Alopecia Areata is a kind of hair loss that affects men and women. Hair loss is caused by alopecia areata. It creates bald spots on the scalp, but it can also result in hair loss elsewhere on the body.

What is Alopecia Areata (AA)

Alopecia areata is a kind of hair loss that develops when your immune system destroys hair follicles, which are the starting points for hair development. The follicular damage is typically not permanent. The immune system targets the follicles for unknown reasons, according to experts.

Alopecia areata is more frequent in those under the age of 20, however it can affect children and adults of any age. Both men and women are impacted in the same way.

It’s an immune system condition that damages your hair on your scalp but isn’t life-threatening. Your body misinterprets your hair follicles as a threat when you have this illness. The hair follicles are being attacked by the body. Some or all of your hair will fall out as a result of this condition. The hair on your head is generally where it starts.

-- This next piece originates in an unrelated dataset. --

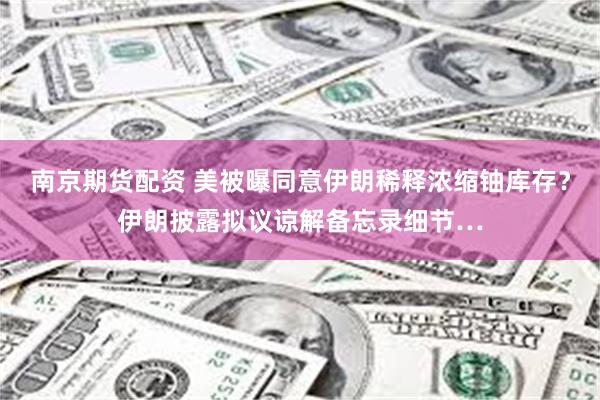 南京期货配资 美被曝同意伊朗稀释浓缩铀库存？伊朗披露拟议谅解备忘录细节…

There are 3 types of alopecia, each with its own set of symptoms:

  1. Aerial Areata (patchy hair loss on your head)
  2. Totalitarian (complete hair loss on your head)
  3. Universale (the loss of all body hair)

Alopecia is not a contagious condition. It can affect persons of various ages. It is more frequent among youngsters and people in their early twenties, though.

Main 5 Common Types of Alopecia Areata | What is Alopecia Areata
Alopecia Areata

Alopecia is distinct from telogen effluvian hair loss, which can result from physical stress such as fast weight loss or pregnancy. Telogen effluvian is the most prevalent kind of hair loss, and it generally results in hair growth.

5 Common Types of Alopecia Areata

  1. Alopecia Androgenetica
  2. Male – Pattern Baldness
  3. Female – Pattern Baldness
  4. Scarring Alopecia
  5. Non – Scarring Alopecia

Alopecia Androgenetica

The most prevalent kind of hair loss in the United States is androgenetic alopecia, which affects more than 50 million men and 30 million women. Androgenetic alopecia is an inherited condition that can be treated with medication or surgery.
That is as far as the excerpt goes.